Nun ist es also amtlich: Axel Spörl hat seine Promotionsurkunde gefälscht und alle – auch mir im persönlichen Gespräch berichteten – Fakten zu seiner Dissertation frei erfunden. Man muss sich das einmal vorstellen: Ein Mann in einer Spitzenposition im österreichischen Kulturbetrieb, mit mehr als 200 MitarbeiterInnen ‚unter‘ sich und einer Jahresgage von rund 200.000,– Euro (das verdient auch der bisherige Chef von „Art for Art“), der diese Zeilen zu seiner Dissertation einfach so frei erfindet:
„Im Kern betrachtet die Arbeit Regeln der Harmonielehre (Gestaltung von Mehrstimmigkeit) und Kompositionstechnik (Entwicklung von Phrasen und Melodien) aus mathematischer und physikalischer Sicht. Wie vermischen sich Frequenzkurven in der Mehrstimmigkeit? Welche mathematischen Muster (z.B. Rekursion, Inversion) finden sich in der Kompositionstechnik (z.B. beim Kontrapunkt oder Fugen) wieder?
Da die Hochschule für Tonkunst seinerzeit kein Promotionsrecht hatte, habe ich die Arbeit im Oktober 1995 an der Universität Würzburg, Fakultät für Mathematik und Informatik bei Prof. Vollrath verteidigt.

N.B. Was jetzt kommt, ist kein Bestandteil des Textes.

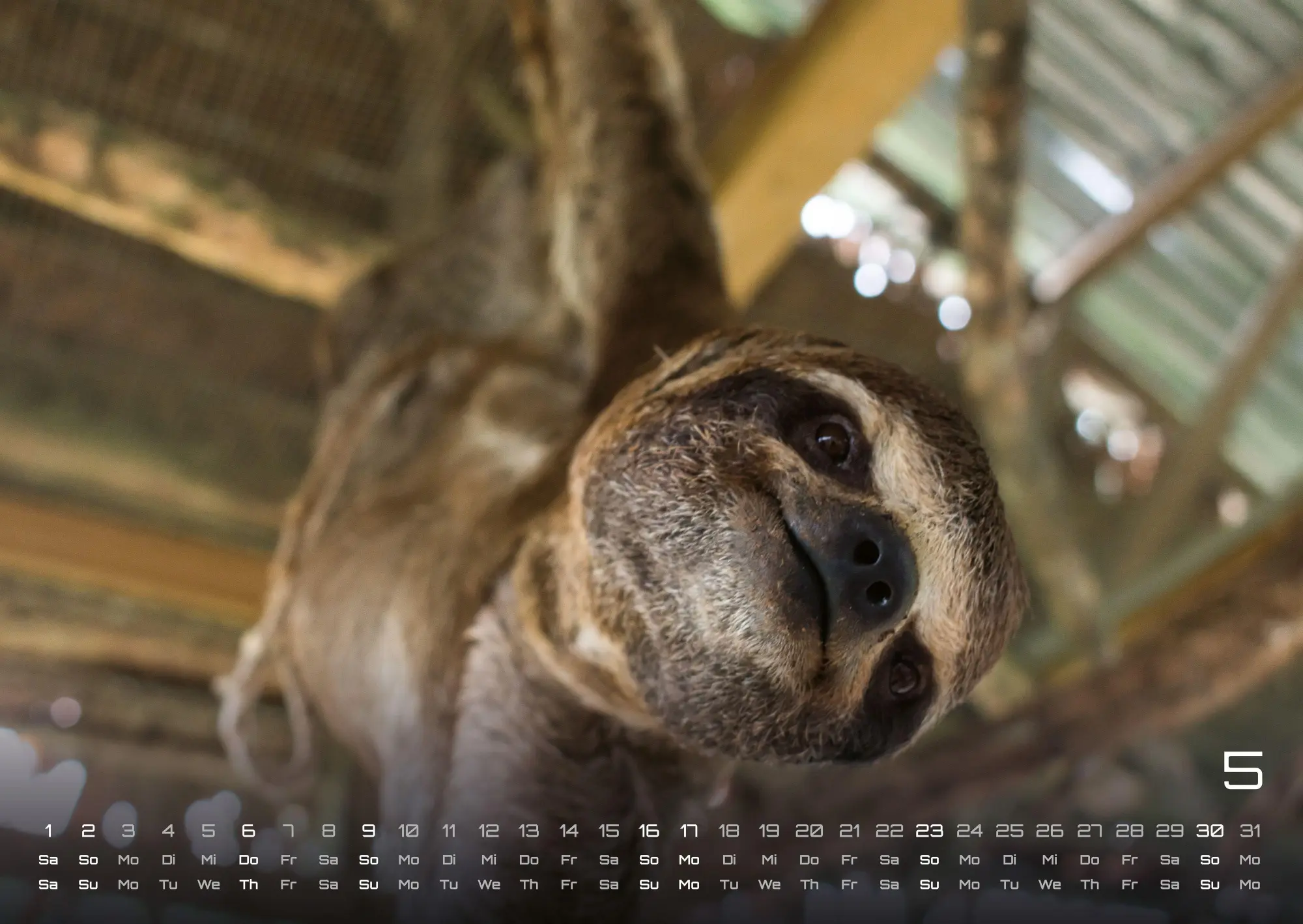 Bild: 9783986737313 | Faultiere - Chill mal! - 2027 - Kalender DIN A2 | GP-Fever. de | 15 S.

Das Datum auf meiner Promotionsurkunde (Anlage 4) gibt den Tag der Verleihung an, das war der 6. Februar 1996. Abgabe und Rigorosum war im Oktober 1995.“
Man mag natürlich zynisch einwenden, dieses einmalige Talent zum Fabulieren qualifiziere für einen Job in der Kunst und Kultur. Aber so einfach ist die Sache nicht. Es gibt auch so etwas wie politische (Mit-)Verantwortung: Ich habe das Büro Lunacek und die Bundestheater Holding am 16. April 2020 mit dieser Sachverhaltsdarstellung vom möglichen Promotionsbetrug informiert. Am 19. April 2020 erhielt ich eine Mail des Bürochefs, mit Cc an Ulrike Lunacek, dass alles in Ordnung sei, die „aufgebrachten Bedenken“ hätten sich „zerstreut“:
Nun stellt sich die Frage, wie das möglich war. Wie gewissenhaft und genau agieren in solchen Verdachtsfällen Politik und Ministerium? Abgesehen von allen bereits vorgelegten Indizien enthält die lateinische Promotionsurkunde nämlich drei Fehler, wie mir zwei voneinander unabhängige Latein-Experten bestätigten (die gefälschte Urkunde lag zum fraglichen Zeitpunkt mir noch nicht vor, aber sehr wohl Lunacek!):
- Das Wort „Ordinus“ existiert nicht.
- Würzburg ist auf lateinisch übersetzt mit „Herbipolis“, aber nicht Regensburg mit „Ratisbona“.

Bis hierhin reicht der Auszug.